O Rouxinol de Kristin Hannah, ed. Bertrand
Outra leitura de guerra mas que nos transporta para a França invadida pelos nazis e para a história de duas irmãs que, sozinhas e separadas, salvam as vidas de imensas pessoas. É dos cenários de guerra mais bem descritos no sentido que somos transportados para lá e fala de paixões, de ideais, de força, de humanidade no meio do terror e, acima de tudo, de compaixão e de marcarmos a diferença no mundo. Li o livro em dois ou três dias completamente arrebatada e em constantes soluços. É daqueles romances para a vida e para ler e reler e reler. O Projecto Rosie de Graeme Simsion, ed. Presença
É uma leitura absolutamente divertida e que me tocou porque fala de Don, um professor de genética inteligente que anda à procura da mulher ideal para casar. Até que conhece Rosie que é totalmente o oposto daquilo que ele considera a mulher ideal. Mas o coração tem razões que o cérebro não compreende e no amor não existe racionalidade. Faz-nos pensar na vida, no estarmos de olhos abertos para as experiências que nos surgem sem as catalogarmos logo. Saiu agora a continuação (O Efeito Rosie) mas ainda não li.

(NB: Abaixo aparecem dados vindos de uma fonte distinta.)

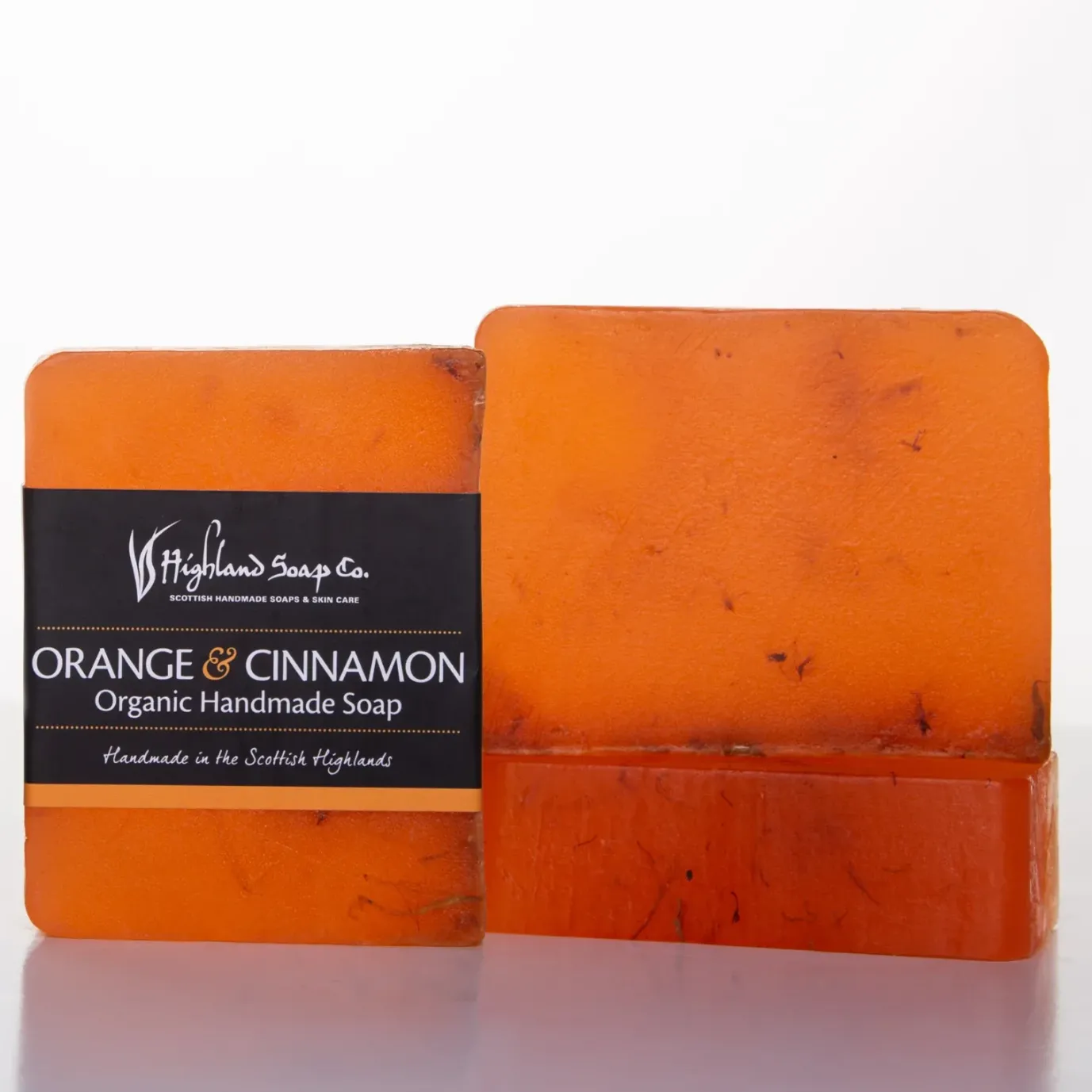 Sweet Orange & Cinnamon Organic Glycerine Soap 150g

Livre de Cheryl Strayed, ed. Presença
O que mais me tocou neste livro é saber que é um testemunho real, o que nos deixa, em muitas partes, em lágrimas. É a história de Cheryl que, aos 26 anos, e depois de perder tudo e se sentir à beira do abismo, decidiu embarcar numa viagem sozinha e a pé por mais de três mil quilómetros. Este é daqueles livros que nos faz ter fé na vida, na capacidade que o ser humano tem de se reinventar e ultrapassar tudo. Faz-nos, enquanto leitores, fazer o mesmo caminho que ela por uma melhor descoberta de nós mesmos. É daqueles livros que recomendo a toda, toda a gente.